MATLAB: Is the Taylor series result displayed in wrong order when using TAYLOR in Symbolic Math Toolbox 3.2.3 (R2008a)

Question

In expressions with an inessential singularity TAYLOR results in an incorrect expansion. In the example code below, apparently TAYLOR expands the numerator to the required order and then divides by "x^2", instead of computing the taylor expansion for the entire expression. Result vs. expected result:

taylor( (x^3 + x^5)/x^2, 4, x, 0 )
taylor( (x^3 + x^5)/x^2, 5, x, 0 )
taylor( (x^3 + x^5)/x^2, 6, x, 0 )
 result 1: x     expected: x+x^3
 result 2: x     expected: x+x^3
 result 3: x+x^3       expected: x+x^3

Answer 1

This behaviour is due to Maple. Maple's TAYLOR command actually behaves as described in the Maple documentation, which includes these parts (in series and order):

 - If the third argument n is present then it specifies the "truncation order'' of the series calculations. This does not mean the truncation order of the actual series. See Order for more information about this.
 - The environment variable Order represents the order of series calculations performed by Maple. It does not represent the order of the series output.

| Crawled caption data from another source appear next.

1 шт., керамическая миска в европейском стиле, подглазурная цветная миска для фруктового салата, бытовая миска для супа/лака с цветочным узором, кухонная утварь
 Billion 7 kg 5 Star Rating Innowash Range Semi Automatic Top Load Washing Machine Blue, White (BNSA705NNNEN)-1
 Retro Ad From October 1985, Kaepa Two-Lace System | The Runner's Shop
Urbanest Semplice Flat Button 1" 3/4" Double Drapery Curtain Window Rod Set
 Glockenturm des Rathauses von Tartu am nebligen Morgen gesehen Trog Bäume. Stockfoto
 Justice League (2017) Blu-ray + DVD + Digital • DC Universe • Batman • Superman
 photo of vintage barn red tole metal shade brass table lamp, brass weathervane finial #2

In the given example, note that the order of the series expansion of exp(x)/x is  only 7 rather than 8, since the series expansion of exp(x) is divided by x, thereby reducing the degree by 1.

To work around this behaviour calling TAYLOR with higher order approximations changes the behavior of future low-order approximations. For example:

t = maple('taylor','(x^3+x^5)/x^2','x=0','4')
 t =
 series(1*x+O(x^3),x,3)
   t = maple('taylor','(x^3+x^5)/x^2','x=0','7')
 t =
 series(1*x+1*x^3,x)
t = maple('taylor','(x^3+x^5)/x^2','x=0','4')
 t =
 series(1*x+1*x^3,x)

So the workaround would be to perform some high order approximations before computing the order you really care about.